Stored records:
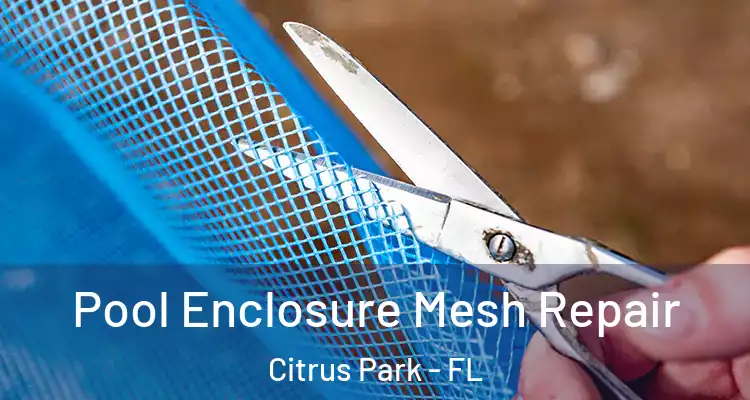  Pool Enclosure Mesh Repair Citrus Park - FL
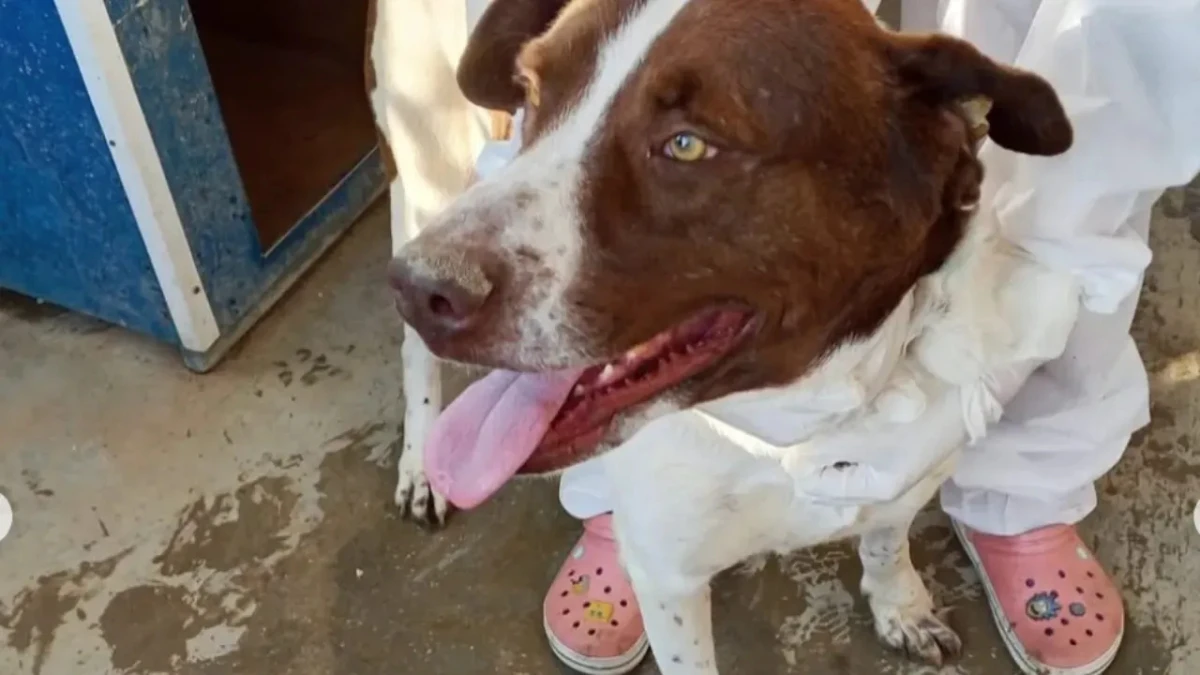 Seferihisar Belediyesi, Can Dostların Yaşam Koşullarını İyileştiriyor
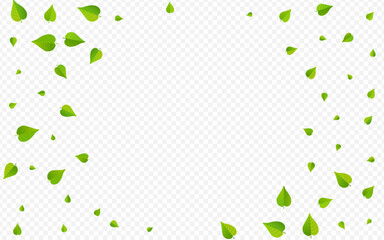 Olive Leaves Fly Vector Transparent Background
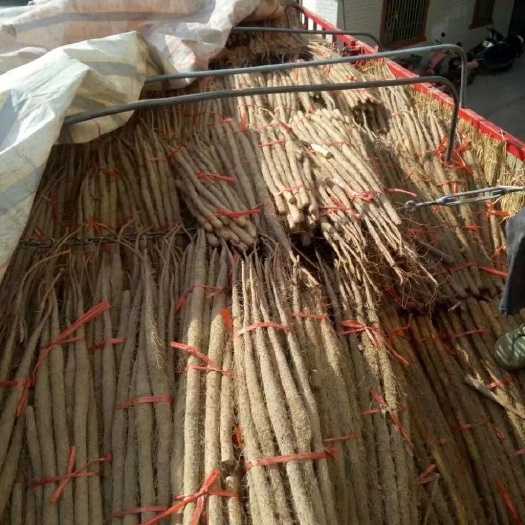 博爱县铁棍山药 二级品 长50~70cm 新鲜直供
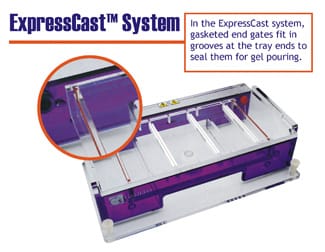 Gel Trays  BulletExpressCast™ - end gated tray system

### [What to produce]
Restate the data above word for word. Do not include the images.

### [The completed task]
  Pool Enclosure Mesh Repair Citrus Park - FL
 Seferihisar Belediyesi, Can Dostların Yaşam Koşullarını İyileştiriyor
 Olive Leaves Fly Vector Transparent Background
 博爱县铁棍山药 二级品 长50~70cm 新鲜直供
 Gel Trays  BulletExpressCast™ - end gated tray system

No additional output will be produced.